Monday 31 January 2011

Prison system to add random drug tests for guards, officers

In a push to bolster security and curb contraband in Texas' massive prison system, officials for the first time plan to order random drug tests for a majority of the state's 41,000 corrections employees including all guards and parole officers.
Bryan Collier, deputy director of the Texas Department of Criminal Justice, said Thursday that the policy to be unveiled next week is designed to raise staffing standards inside Texas' 112 state prisons.
Like other state prison systems, Texas' state-run lockups have had chronic problems with contraband — highlighted two years ago when a death-row convict used a smuggled cell phone to call a key state senator.
A zero-tolerance policy since then has resulted in the seizure of thousands of weapons, drugs, phones and other illicit materials. But a smuggled gun used in an escape and other incidents have made prison contraband a continuing public safety issue. Several guards have been fired or forced to retire for involvement in contraband smuggling and related infractions.
The drug testing "will cover a majority of the agency's employees," Collier said. "Any of us who are in this business, if people are doing drugs, we don't want them working in the institutions.
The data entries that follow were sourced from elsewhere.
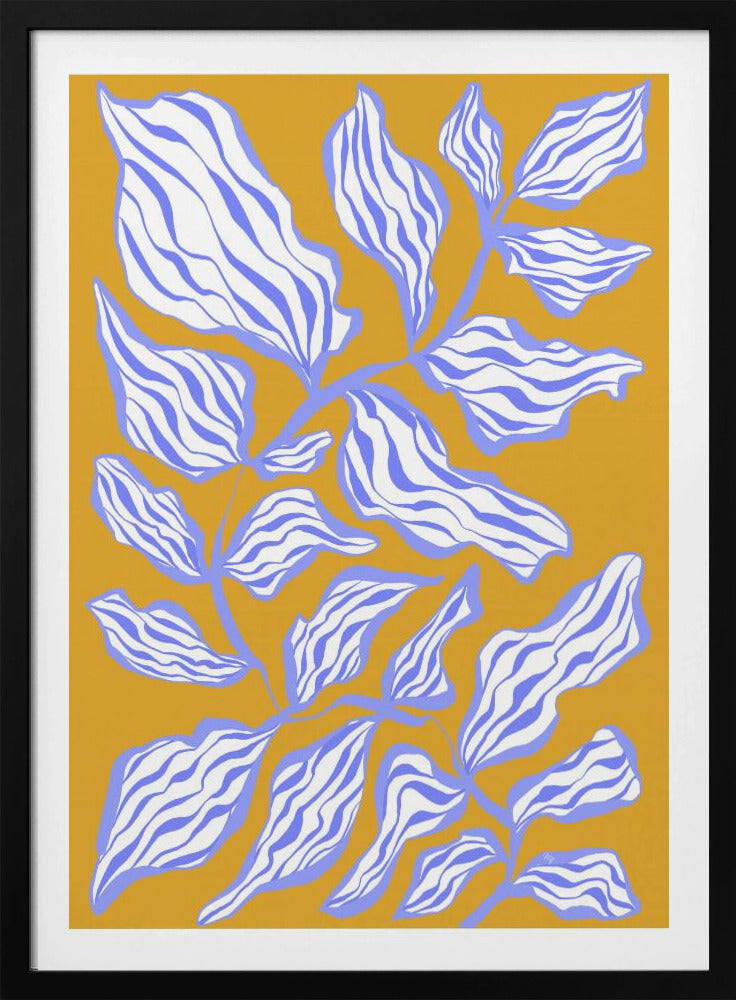 Prunkwinde | Poster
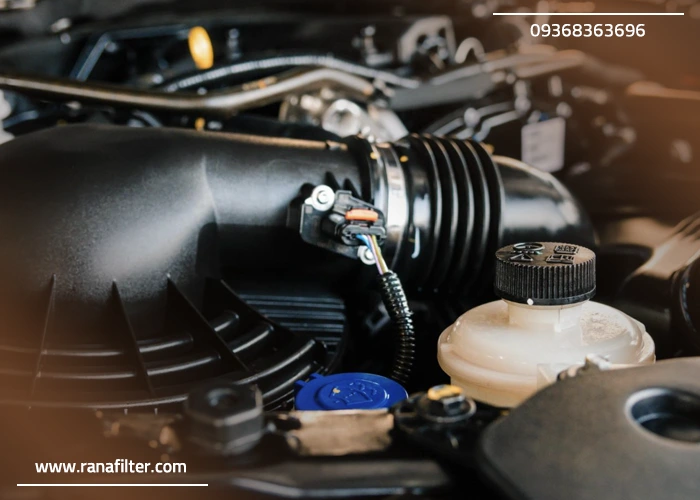 هزینه تعمیر آب و روغن قاطی کردن موتور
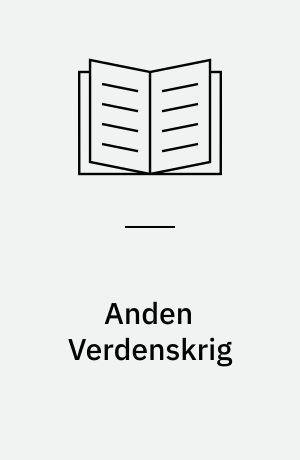Anden Verdenskrig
It's not safe."
The agency has more than 41,300 employees, including more than 29,200 correctional officers and supervisors and nearly 1,300 parole officers.
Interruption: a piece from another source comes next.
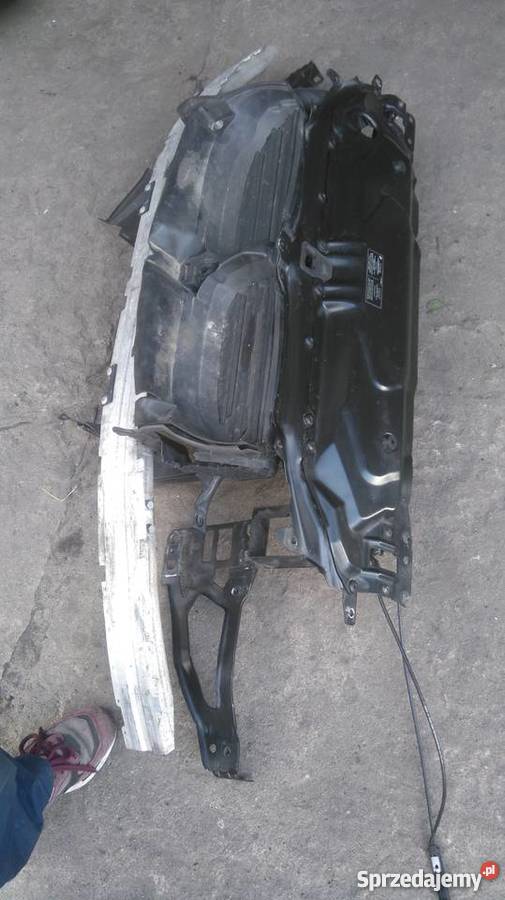 E60 bmw paswzmocnienie przednie części blacharskie Skarżysko-Kamienna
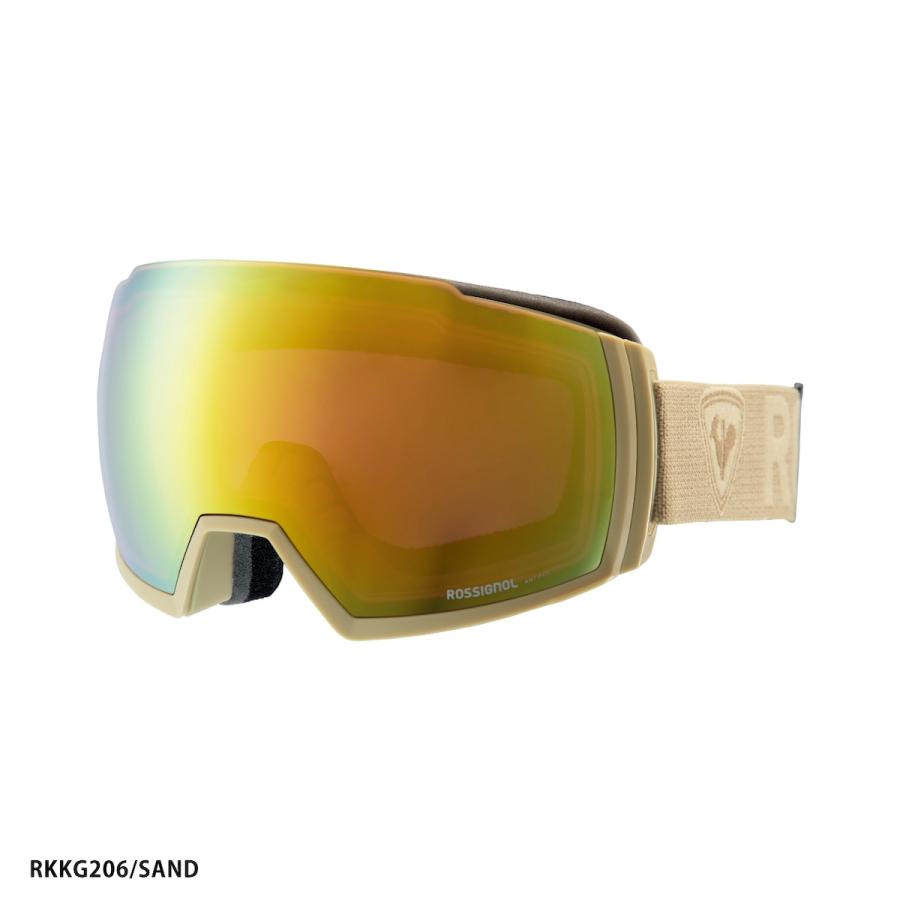 ROSSIGNOL（ロシニョール） スキーゴーグル メンズ レディース 2025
Collier and other officials said the testing program will take effect later this summer, with employees selected by a computer-generated list. Employees who are asked to take a drug test will go to a private lab chosen by the state and provide a specimen.
Additional details are expected to be made public next week during a meeting of the prison system's nine-member governing board.
Prison officials said the cost of random testing is still being calculated. Union officials suggested the program could cost hundreds of thousands of dollars a year.
"At a time when they're not filling positions, and a lot of people expect there could be layoffs, is this the best time to do this?" asked Brian Olsen, executive director of a correctional employees' union that represents more than 6,000 prison workers. "We have a lot of questions about how this will be done."
Convicts and parolees have been subject to random drug testing for years, but the new policy marks the first time that employees — from rookie guards to Executive Director Brad Livingston — will face the same mandate. The agency has for some time required pre-employment drug tests, and it has tested some workers for cause — if there was suspicion that they might be using drugs.
Initial response from prison employees has been mixed, although Collier and other officials said they are confident most workers will embrace the policy once the details are announced.
House Corrections Committee Chairman Jim McReynolds, D-Lufkin, said he has been told the random testing will begin on or before Aug. 31. He said he pushed for the policy after quizzing a warden last spring about what he needed to stop the flow of contraband into his prison.
"He said: 'Random drug tests,' " McReynolds said. "This is a no-brainer. It should have been done a long time ago. ... My son is with the Lufkin Fire Department. They do random testing. Other state agencies do random testing of employees. It makes sense we should be doing this in our prison system."
McReynolds and Senate Criminal Justice Committee Chairman John Whitmire, D-Houston, said they think the random tests will help curb contraband.
"If the leadership believes that this will deter contraband and create a safer working environment for correctional officers, who could oppose it?" Whitmire asked.
McReynolds said "we may have an exodus of (correctional officers), but I don't think we care about that."
"Anyone who would object to this testing at the largest agency in the state probably shouldn't be working there."
As word about the change trickled out, some correctional officers questioned whether their rights will be adequately preserved. Will they be allowed to take a second test at a lab of their own choice if the first one registers positive for drugs? How will the same testing standards be maintained statewide if as many as 100 labs are involved? Will employees be allowed to use their own labs instead of a state-designated lab?
"Most states do some form of testing, and that's not the issue," Olsen said. "We want to make sure the standards and procedures are fair and that they're fairly administered."